Query Effective Hourly Rates
QUERY_ID=$(aws athena start-query-execution \
--query-string "
SELECT
REGEXP_EXTRACT(line_item_usage_type, 'Cluster:(.+)', 1) AS instance_type,
ROUND(SUM(line_item_unblended_cost) / SUM(line_item_usage_amount), 4) AS effective_hourly_rate,
ROUND(SUM(line_item_unblended_cost), 2) AS total_cost_this_month,
ROUND(SUM(line_item_usage_amount), 2) AS total_hours
FROM ${ATHENA_DATABASE}.${ATHENA_TABLE}
WHERE line_item_product_code = 'AmazonSageMaker'
AND line_item_usage_type LIKE '%Cluster:ml.%'
AND line_item_usage_amount > 0
AND year = '$(date +%Y)' AND month = '$(date +%-m)'
GROUP BY REGEXP_EXTRACT(line_item_usage_type, 'Cluster:(.+)', 1)
ORDER BY total_cost_this_month DESC;
" \
--query-execution-context Database=${ATHENA_DATABASE} \
--result-configuration OutputLocation=s3://${ATHENA_RESULTS_BUCKET}/ \
--region $CUR_REGION --query 'QueryExecutionId' --output text)
echo "Query ID: $QUERY_ID"
# Poll until query completes
while [ "$(aws athena get-query-execution --query-execution-id $QUERY_ID \
--region $CUR_REGION --query 'QueryExecution.Status.State' --output text)" != "SUCCEEDED" ]; do
echo "Waiting for query to complete..."
sleep 5
done
aws athena get-query-results --query-execution-id $QUERY_ID --region $CUR_REGION --output table
Sample Expected output:
| instance_type | effective_hourly_rate | total_cost_this_month | total_hours |
|------------------|-----------------------|-----------------------|-------------|
| ml.g6.12xlarge | 13.9860 | 10141.80 | 725.00 |
| ml.m5.12xlarge | 2.6496 | 1922.17 | 725.40 |
| ml.g5.12xlarge | 7.0900 | 1142.71 | 161.17 |
tip
Note the effective_hourly_rate — this is your actual rate including RI/SP discounts.

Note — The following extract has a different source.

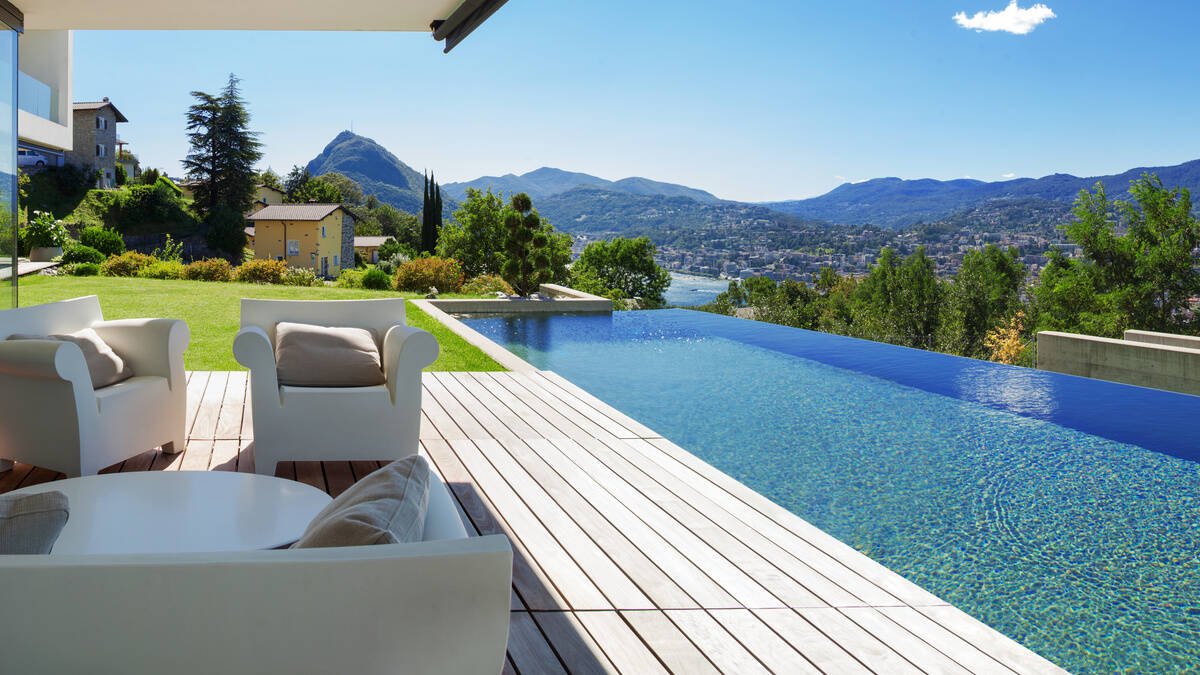 Immobilienwert Erhöhen - Garten mit Pool und Blick über die Berge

Use these values in the next step.
Verify Which Instance Types Are in Your Cluster
kubectl get nodes -o jsonpath='{range .items[*]}{.metadata.labels.node\.kubernetes\.io/instance-type}{"\n"}{end}' | sort -u
Make sure every instance type returned here has a corresponding rate from the Athena query above.